● **WORK INSTRUCTION**:
Each line below that contains "Image" should be counted; give the total alone.

Extracted records:
--

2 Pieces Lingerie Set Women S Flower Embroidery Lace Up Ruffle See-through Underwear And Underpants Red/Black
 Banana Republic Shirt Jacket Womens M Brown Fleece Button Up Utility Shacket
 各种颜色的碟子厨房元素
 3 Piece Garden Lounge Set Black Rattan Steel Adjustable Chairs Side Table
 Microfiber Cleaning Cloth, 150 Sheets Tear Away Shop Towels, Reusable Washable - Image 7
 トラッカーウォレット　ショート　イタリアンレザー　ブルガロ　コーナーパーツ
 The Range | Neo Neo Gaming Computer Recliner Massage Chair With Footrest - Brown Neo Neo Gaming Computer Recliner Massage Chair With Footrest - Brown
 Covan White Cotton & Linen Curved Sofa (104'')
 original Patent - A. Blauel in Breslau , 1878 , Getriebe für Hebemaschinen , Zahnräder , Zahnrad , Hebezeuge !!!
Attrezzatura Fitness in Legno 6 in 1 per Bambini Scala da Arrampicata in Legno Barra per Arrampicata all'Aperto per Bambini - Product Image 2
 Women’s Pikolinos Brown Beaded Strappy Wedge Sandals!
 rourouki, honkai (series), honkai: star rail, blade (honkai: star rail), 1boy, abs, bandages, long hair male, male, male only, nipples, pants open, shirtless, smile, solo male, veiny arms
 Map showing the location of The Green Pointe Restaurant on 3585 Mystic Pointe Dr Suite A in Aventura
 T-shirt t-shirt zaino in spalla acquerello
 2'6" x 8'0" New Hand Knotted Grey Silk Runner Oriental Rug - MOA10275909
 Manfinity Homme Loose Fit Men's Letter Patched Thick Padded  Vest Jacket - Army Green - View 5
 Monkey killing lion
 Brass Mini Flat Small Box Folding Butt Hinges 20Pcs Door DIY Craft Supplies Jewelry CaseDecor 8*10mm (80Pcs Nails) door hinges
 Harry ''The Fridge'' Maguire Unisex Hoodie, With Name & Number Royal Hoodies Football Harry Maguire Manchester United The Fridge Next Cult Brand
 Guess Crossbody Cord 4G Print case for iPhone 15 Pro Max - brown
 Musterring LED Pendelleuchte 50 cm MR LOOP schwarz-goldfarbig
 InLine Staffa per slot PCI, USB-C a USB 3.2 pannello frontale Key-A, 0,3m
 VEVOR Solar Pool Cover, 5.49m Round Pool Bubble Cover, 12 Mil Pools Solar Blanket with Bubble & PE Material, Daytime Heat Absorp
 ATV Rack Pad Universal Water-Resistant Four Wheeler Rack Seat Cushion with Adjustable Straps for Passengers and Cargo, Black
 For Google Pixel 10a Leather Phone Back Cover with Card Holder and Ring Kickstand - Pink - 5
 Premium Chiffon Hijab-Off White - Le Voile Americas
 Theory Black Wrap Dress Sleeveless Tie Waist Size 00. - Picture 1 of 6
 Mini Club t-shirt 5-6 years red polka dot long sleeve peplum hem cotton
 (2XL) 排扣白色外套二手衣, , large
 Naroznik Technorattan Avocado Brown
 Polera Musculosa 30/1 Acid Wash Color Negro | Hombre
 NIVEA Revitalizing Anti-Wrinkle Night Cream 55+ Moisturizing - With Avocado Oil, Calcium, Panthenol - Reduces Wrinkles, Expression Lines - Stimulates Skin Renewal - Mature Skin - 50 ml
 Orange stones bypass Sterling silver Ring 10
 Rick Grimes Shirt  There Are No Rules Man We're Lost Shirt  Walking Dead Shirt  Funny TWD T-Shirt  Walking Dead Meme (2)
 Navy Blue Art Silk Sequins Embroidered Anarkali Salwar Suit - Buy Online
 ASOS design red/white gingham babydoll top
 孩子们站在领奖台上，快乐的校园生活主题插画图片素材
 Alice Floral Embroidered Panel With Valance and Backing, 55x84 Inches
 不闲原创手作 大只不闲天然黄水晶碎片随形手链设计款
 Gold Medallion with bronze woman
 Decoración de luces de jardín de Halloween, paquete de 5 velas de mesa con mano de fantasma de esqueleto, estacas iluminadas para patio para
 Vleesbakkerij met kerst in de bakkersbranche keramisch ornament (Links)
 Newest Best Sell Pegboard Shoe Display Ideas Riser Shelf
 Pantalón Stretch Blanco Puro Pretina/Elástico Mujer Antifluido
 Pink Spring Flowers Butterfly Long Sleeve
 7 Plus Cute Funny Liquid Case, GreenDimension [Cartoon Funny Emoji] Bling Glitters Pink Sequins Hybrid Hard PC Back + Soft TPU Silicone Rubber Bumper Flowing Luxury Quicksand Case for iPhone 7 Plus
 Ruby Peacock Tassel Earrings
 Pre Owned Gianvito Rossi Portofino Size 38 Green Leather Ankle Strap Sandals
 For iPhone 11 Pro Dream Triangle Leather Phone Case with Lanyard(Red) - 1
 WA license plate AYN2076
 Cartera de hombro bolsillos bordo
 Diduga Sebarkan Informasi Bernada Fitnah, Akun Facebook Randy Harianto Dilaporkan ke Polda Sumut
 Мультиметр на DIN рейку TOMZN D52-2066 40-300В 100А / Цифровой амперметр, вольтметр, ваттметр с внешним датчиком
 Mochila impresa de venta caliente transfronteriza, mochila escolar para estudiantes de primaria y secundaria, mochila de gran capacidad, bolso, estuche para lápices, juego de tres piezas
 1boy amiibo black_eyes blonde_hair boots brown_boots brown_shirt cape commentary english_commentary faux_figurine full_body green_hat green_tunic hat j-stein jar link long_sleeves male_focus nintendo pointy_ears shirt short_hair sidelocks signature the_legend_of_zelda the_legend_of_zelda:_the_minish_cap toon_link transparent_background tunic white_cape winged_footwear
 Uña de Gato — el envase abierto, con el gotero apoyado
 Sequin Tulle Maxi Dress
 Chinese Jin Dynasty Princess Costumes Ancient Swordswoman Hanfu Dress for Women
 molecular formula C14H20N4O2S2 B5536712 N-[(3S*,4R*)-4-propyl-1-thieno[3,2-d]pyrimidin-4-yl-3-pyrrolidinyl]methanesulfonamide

--

● **RESPONSE BELOW**:
2